I was wondering if any founders of now defunct startups could share what happened next?<p>Was it easy to get back onto the startup wagon, or did you realise it wasn't for you and move onto something different?
======
jimgagnon
I was one of the founders of Abacus Concepts, a pre-internet Macintosh
startup. For thirteen years we were in start-up mode as all of our competitors
were much larger than us. After I sold, I was truly burnt out and took some
time to see the world and start a family. The money was holding out good until
the crash of dot-com and a property purchase I made -- then I had to start
looking for a job again.

For me, it was difficult because the advent of the internet changed
everything, and my resume was filled with dinosaur skills. I knew it would be
mistake to jump into the internet with my skills as they were, so I was able
to find a job doing java. Nothing exciting, but I'm getting my hands dirty
with Linux and net stuff.

Working for people sucks. The regular money is nice, but it's a pittance and
the tasks are boring. I spend my spare evenings diving into python and django
to build my own site. I'm getting kinda old for the crazy hours, with kids and
all, but if you want real financial security you either have to put in forty
years with the government and get a nice pension, or do your own thing.

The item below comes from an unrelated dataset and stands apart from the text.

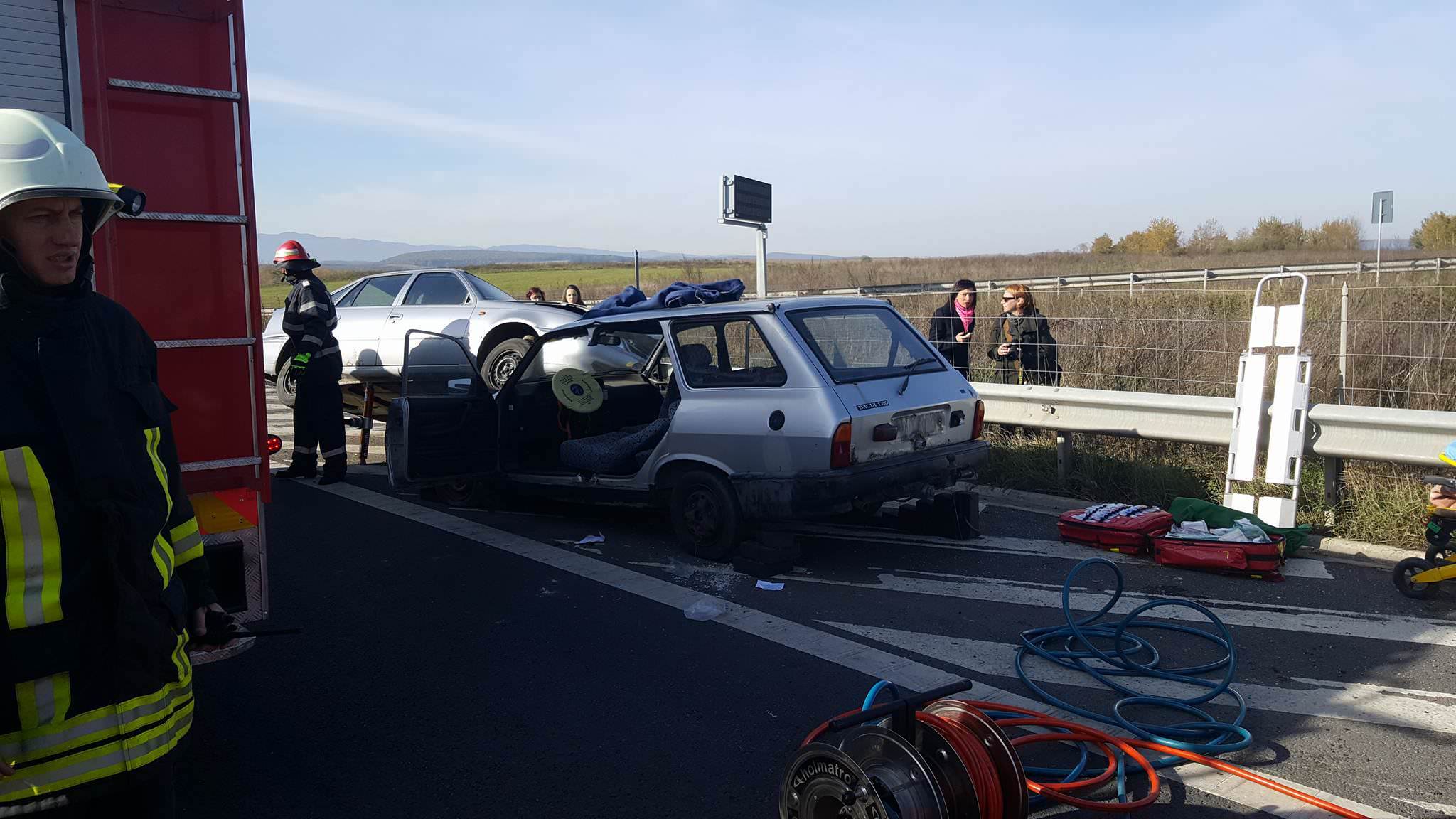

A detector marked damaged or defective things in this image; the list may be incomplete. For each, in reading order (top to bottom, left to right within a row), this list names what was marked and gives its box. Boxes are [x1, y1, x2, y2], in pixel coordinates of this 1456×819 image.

I thought about a career change, but I love programming too much. Your on the
edge of a revolution they will be talking about for a thousand years, and the
money's good. Besides, what other careers can you have where you can drop out
for nine years and then jump back in again?

------
pg
In the case of YC startups, a lot of them get picked up by other YC startups.
This was one of many unanticipated advantages of funding startups on a large
scale.

------
ph0rque
After I resigned from my startup early last summer, I spent about two weeks
moping in the evenings/on weekends (I had a dayjob by then), then came up with
another idea that I started to work on.

------
noodle
this is too situation-based to answer, really. they do what they want or need
to do. maybe that's start another, or maybe its work at a more normal job.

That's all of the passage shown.